*** Opening Exercise data ***

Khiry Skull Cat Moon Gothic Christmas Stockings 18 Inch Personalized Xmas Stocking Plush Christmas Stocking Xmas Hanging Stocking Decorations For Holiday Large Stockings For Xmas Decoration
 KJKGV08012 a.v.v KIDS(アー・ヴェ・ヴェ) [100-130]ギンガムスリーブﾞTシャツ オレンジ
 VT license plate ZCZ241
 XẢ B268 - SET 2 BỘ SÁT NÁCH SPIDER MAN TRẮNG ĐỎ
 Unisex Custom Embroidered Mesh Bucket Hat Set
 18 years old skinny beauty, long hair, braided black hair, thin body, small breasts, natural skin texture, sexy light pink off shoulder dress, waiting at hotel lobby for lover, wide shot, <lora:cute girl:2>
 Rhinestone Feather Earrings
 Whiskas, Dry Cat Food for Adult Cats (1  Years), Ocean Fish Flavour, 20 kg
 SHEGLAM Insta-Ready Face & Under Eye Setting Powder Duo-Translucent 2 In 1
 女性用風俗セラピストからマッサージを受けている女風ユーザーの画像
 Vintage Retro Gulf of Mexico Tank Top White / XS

*** Closing Exercise data ***

__What is needed__
Write out only what runs from the line holding "XẢ B268 - SET" through the last line of the records, exactly as shown.

__Result of this exercise__
 XẢ B268 - SET 2 BỘ SÁT NÁCH SPIDER MAN TRẮNG ĐỎ
 Unisex Custom Embroidered Mesh Bucket Hat Set
 18 years old skinny beauty, long hair, braided black hair, thin body, small breasts, natural skin texture, sexy light pink off shoulder dress, waiting at hotel lobby for lover, wide shot, <lora:cute girl:2>
 Rhinestone Feather Earrings
 Whiskas, Dry Cat Food for Adult Cats (1  Years), Ocean Fish Flavour, 20 kg
 SHEGLAM Insta-Ready Face & Under Eye Setting Powder Duo-Translucent 2 In 1
 女性用風俗セラピストからマッサージを受けている女風ユーザーの画像
 Vintage Retro Gulf of Mexico Tank Top White / XS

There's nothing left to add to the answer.